С чем только и кто к А. И. ни обращался и что только ни брал он на себя! Напомню здесь два-три характерных случая: один из них касается громкого разоблачения Азефа, когда эсеры никак не могли преодолеть своего нежелания поверить в предательство главы "боевой организации" и, ради получения все новых, совсем излишних уже доказательств, меньше всего считались с интересами "ближнего".
К Браудо они и обратились в самый решительный момент с просьбой получить от Лопухина письмо на имя Столыпина, которое должно было рассеять последние сомнения, опустить письмо в почтовый ящик и копию отправить в редакцию "Таймса". Участие А. И. представлялось необходимым, как гарантия, что письмо будет отправлено по назначению, что никакие соображения не отвлекут его от точного исполнения долга, - в этом и Фома неверующий усумниться не мог бы.

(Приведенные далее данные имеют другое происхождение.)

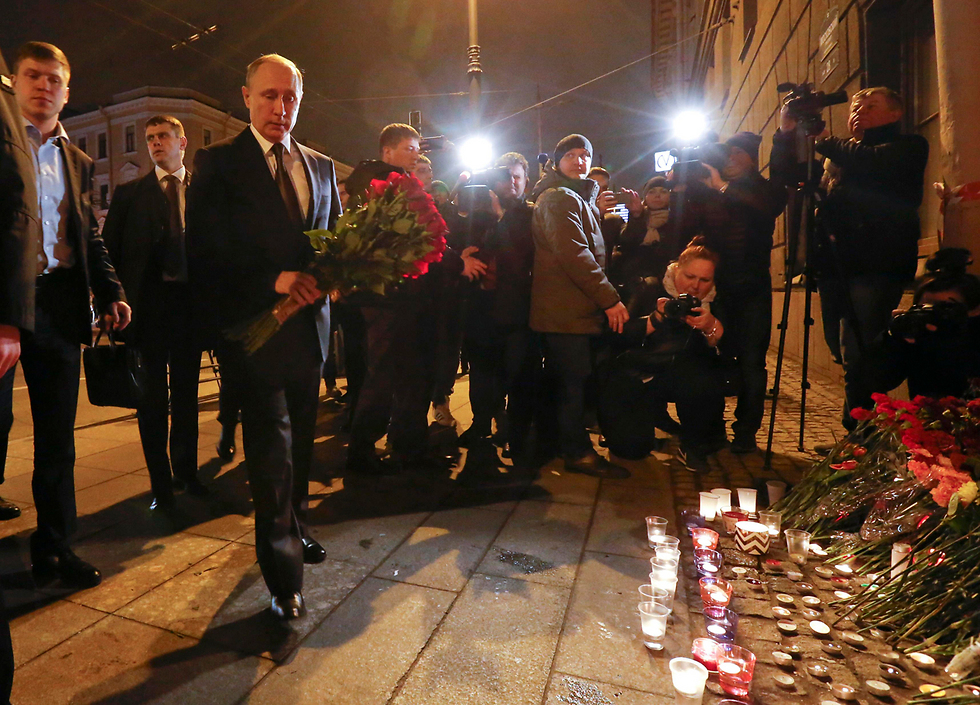 פוטין חולק כבוד לנרצחים, אמש (צילום: רויטרס) (צילום: רויטרס)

А Браудо, хоть сам и был уже вполне уверен в предательстве Азефа и отчетливо сознавал, что посредничество станет известным и подвергает его большому риску, ни на минуту не {54} задумался просьбу исполнить, по той простой причине, что кому-нибудь придется же это сделать, а раз так, то разве можно сваливать тяжесть с себя на чужие плечи!
Другой случай касается "Речи", в редакции коей А. И. был частым и всегда самым дорогим гостем. Я не мог удержаться от радостного восклицания при виде его, ибо, с чем бы он ни пришел, его степенная осанка, задумчиво грустное лицо с лучистыми глазами сразу рассеивали суетливое редакционное настроение, сменявшееся предвкушением душевного отдыха. Случай, о котором я хочу рассказать, относится примерно к 1911 г.,, когда А. Н. Хвостов, впоследствии министр внутренних дел, был нижегородским губернатором, и наш корреспондент настойчиво отмечал все его вызывающие беззакония. А. И. пришел со странным, как он выразился, поручением.